# Work request
Set down exactly, from the records below, the line with "Porte battante à" through the line with "2009 Volkswagen City", and nothing else.

BEGIN Source material

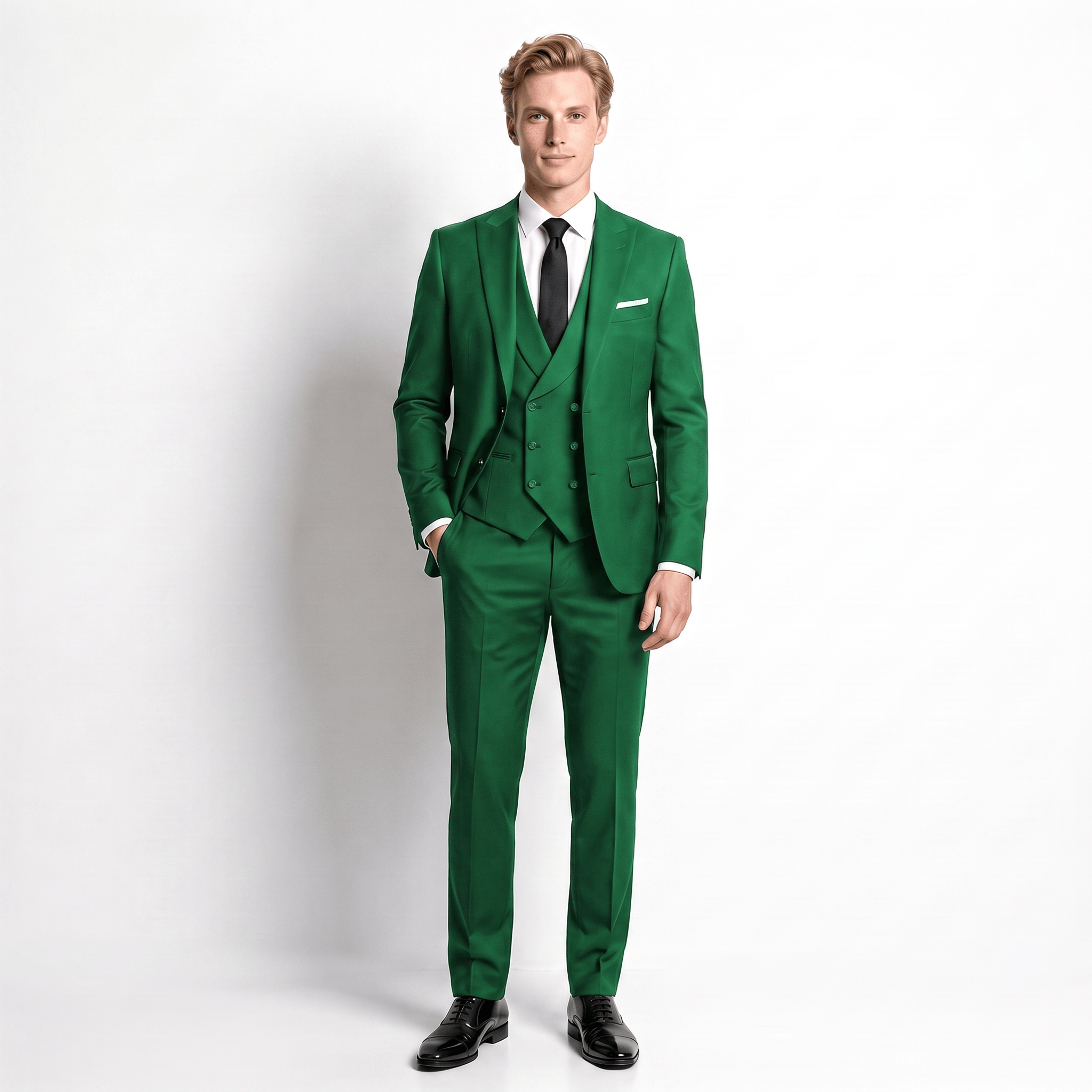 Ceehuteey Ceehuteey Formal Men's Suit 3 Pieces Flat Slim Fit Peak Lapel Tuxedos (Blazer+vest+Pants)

END Source material
BEGIN Source material

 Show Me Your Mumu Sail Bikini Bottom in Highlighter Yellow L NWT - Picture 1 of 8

END Source material
BEGIN Source material

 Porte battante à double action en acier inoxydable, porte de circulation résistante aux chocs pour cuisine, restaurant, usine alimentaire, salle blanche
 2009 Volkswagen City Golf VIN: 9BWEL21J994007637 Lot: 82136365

END Source material

# Response to this task
 Porte battante à double action en acier inoxydable, porte de circulation résistante aux chocs pour cuisine, restaurant, usine alimentaire, salle blanche
 2009 Volkswagen City Golf VIN: 9BWEL21J994007637 Lot: 82136365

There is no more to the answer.